The Mexican capital is long on rain but short on clean water. A new startup is using the water that comes from the sky to quench the thirst of the city’s poorest inhabitants.
Managing water resources in a rapidly-growing city can be problematic. Floods give much-needed water, but too much rain at one time can overwhelm a system. Meanwhile, droughts leave people with no water at all, and keeping water clean is always an issue. In Mexico City, poor management threatens to leave 22 million people without water in the near future. Leaky pipes alone account for a 40% loss of water that is pumped from nearby mountains. Already, more than a third of households lack adequate access to water.
Isla Urbana is trying to change this with inexpensive, sustainable rainwater harvesting systems. The project was conceived while two Mexican-American students, Enrique Lomnitz and Renata Fenton, were studying industrial design at the Rhode Island School of Design. “We repeatedly encountered the subject of water scarcity and became inspired to design rainwater harvesting systems for these communities,” says Lomnitz
They began physically installing systems in 2009, in the Ajusco Medio region of Mexico City, “because we met people there who were very interested in the system, and because the region combines extraordinary rainfall with chronic and widespread water shortages, making it ideal for rainwater harvesting,” says Lomnitz.
Rainwater harvesting is pretty simple: the system captures water off the roof of a building. Then the water passes through a bypass that diverts the first rains of the season through a large first flush that separates the first 100 to 200 liters of rain from each storm. Only the later, cleaner waters of a rain event go into the cistern, says Lomnitz. The water generally gets stored in the building’s existing cistern, though sometimes a plastic tank is installed when a cistern is not available. The water is chlorinated, and goes through a sediments filter and an active carbon filter.

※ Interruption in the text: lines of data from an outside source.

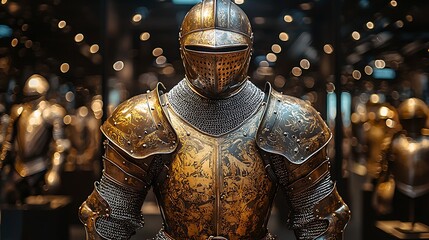 Resplendent Armor: A close-up of antique armor, exhibiting exquisite craftsmanship and design. Capturing a sense of valor, heritage, and military prowess in a historical setting.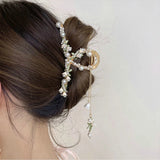 Alloy Claw Clip Clamp Flower Rhinestone Pearl Rose Tassel Clip Head Accessories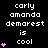 Pixelated text reads 'carly amanda demarest is cool' with pink heart symbols in a on black background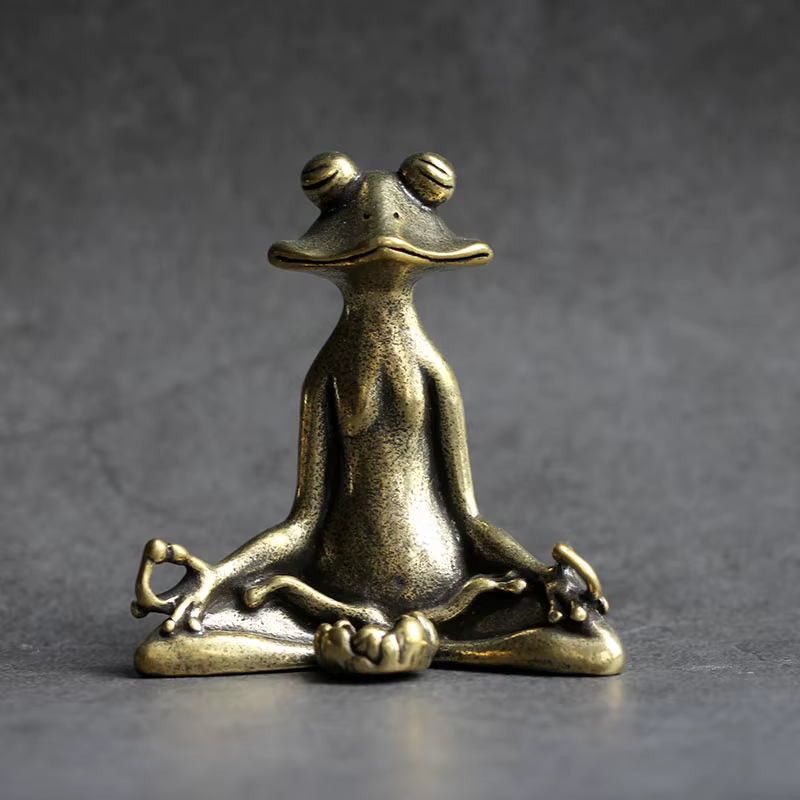 Statue de grenouille Zen de méditation en laiton Antique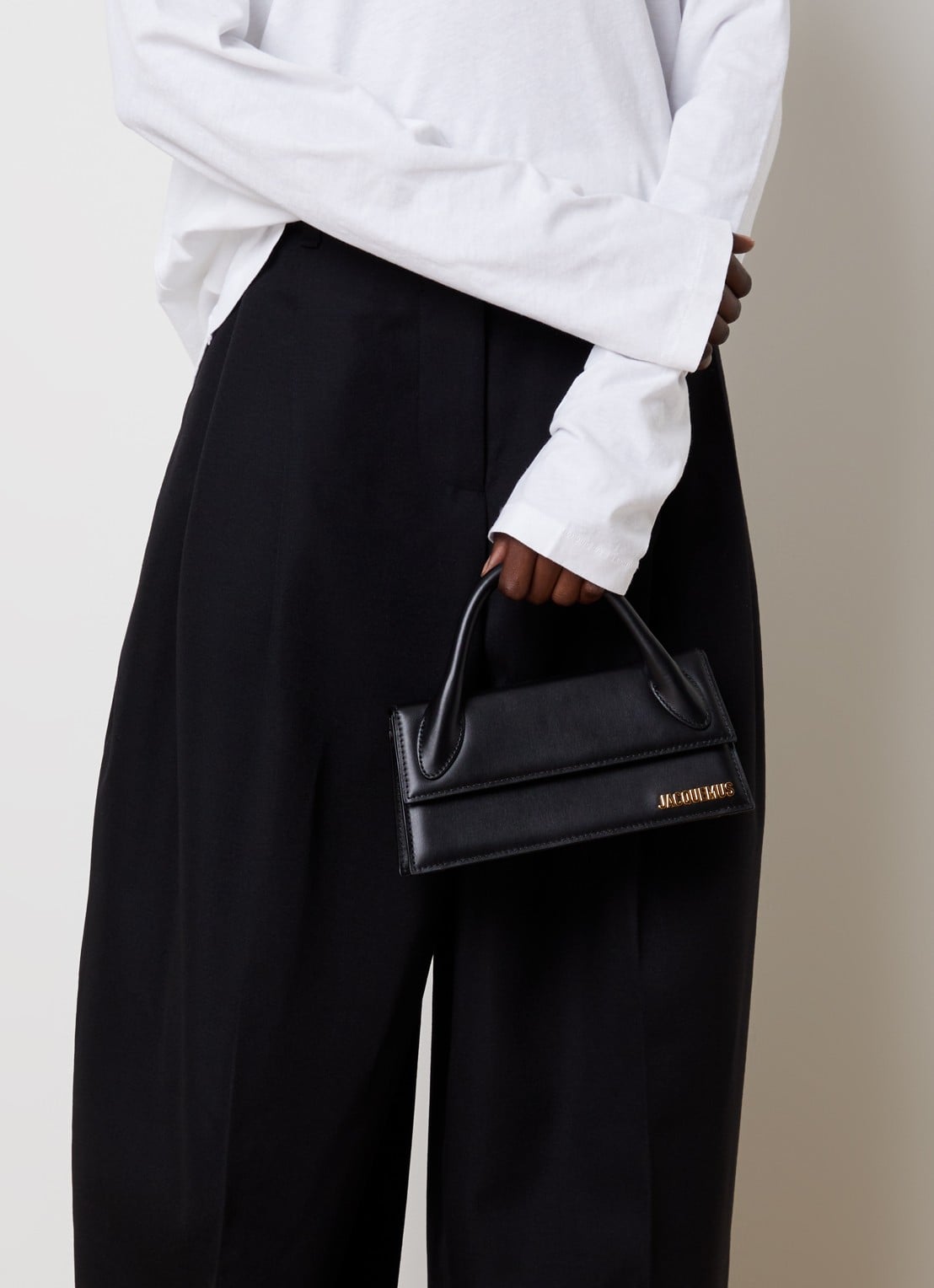 Jacquemus Le Chiquito Long handtas van kalfsleer met afneembare schouderriem  - voorkant 6 zwart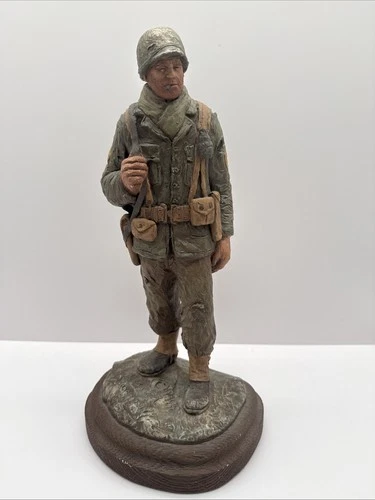 Michael Garman 14" WW2 Soldier Hand Painted Sculpture 1988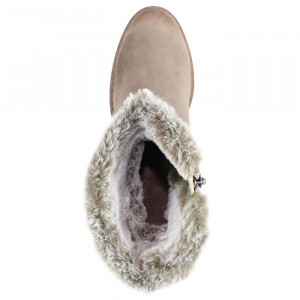 Cizme dama Marco Tozzi 2-26499-23-346-Bej casual piele intoarsa scurte cu toc bej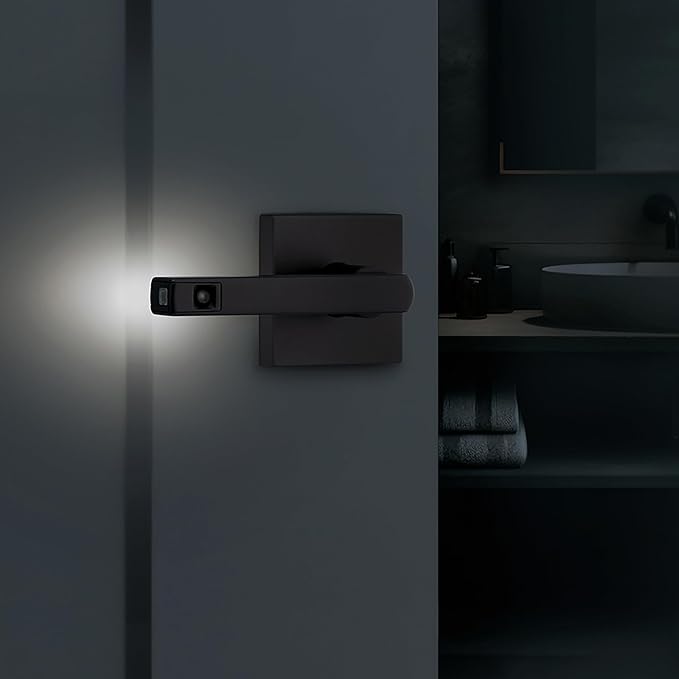 Kwikset Halifax LED Motion Activated Light Up Passage Door Lever for Closet and Hallway Doors, Reversible Non-Locking Handle Lever, Matte Black, with Microban Protection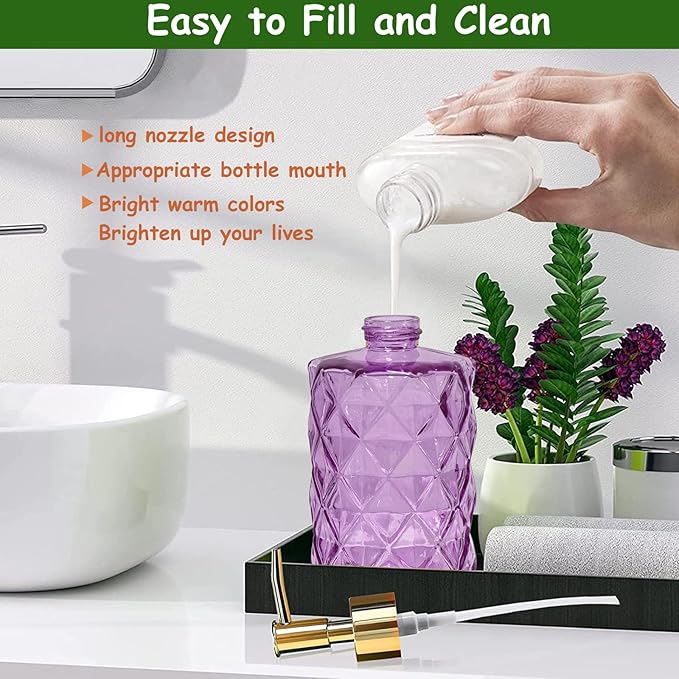 Glass Soap Dispenser with Gold Plastic Pump, 12oz Refillable Liquid Hand Soap Dispenser, Crystal Lotion Bottle for Modern Home Decor, Bathroom, Kitchen Countertop, Hotel(Rosy)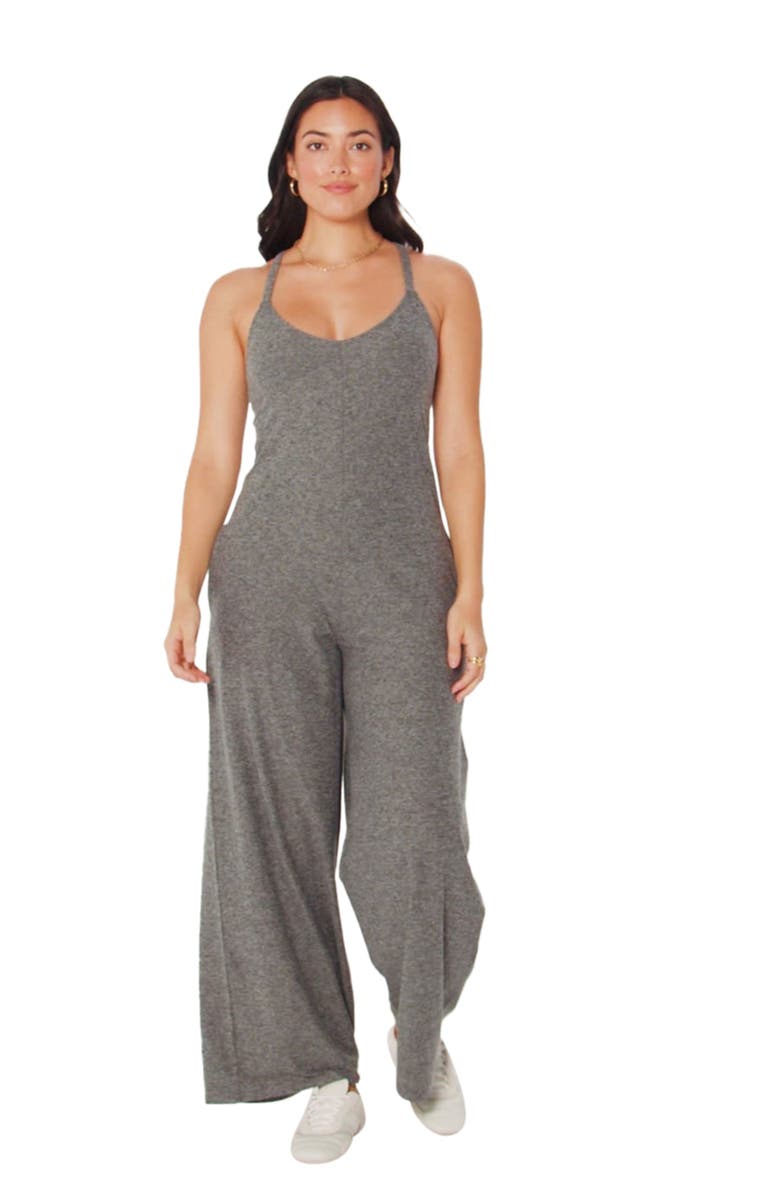 Fabletics Cloud Jersey Wide Leg Jumpsuit, Alternate, color, Charcoal Grey Heather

Isla Urbana uses materials from local stores and trains local personnel to construct and install the systems--giving work as well as a way to gather and store water. The cost for each system is only about $350. Isla Urbana is a joint project between an NGO, theInternational Renewable Resources Institute and a small business called Solución Pluvial. Development and sale of rainwater harvesting systems is done by the business, and education, training, and subsidy models are done by the NGO.
Isla Urbana’s rainwater harvesting is meant to complement the conventional water supply, not replace it “The water is then clean enough for all domestic uses, though we generally do not recommend it for direct drinking, unless additional filters are installed,” says Lomnitz. In a drought, families can rely more on the conventional system, while during a wet year, the rain will displace more conventional water, he says. If rainwater harvesting were properly implemented throughout the city, Isla Urbana says that it could provide 50% of the city’s water supply.
So far, the organization has harvested 29,300,000 liters of rainwater and installed 725 systems. In the future it hopes to develop better and more accessible systems that provide increasingly high quality and low maintenance water, something that will help everyone have a better life.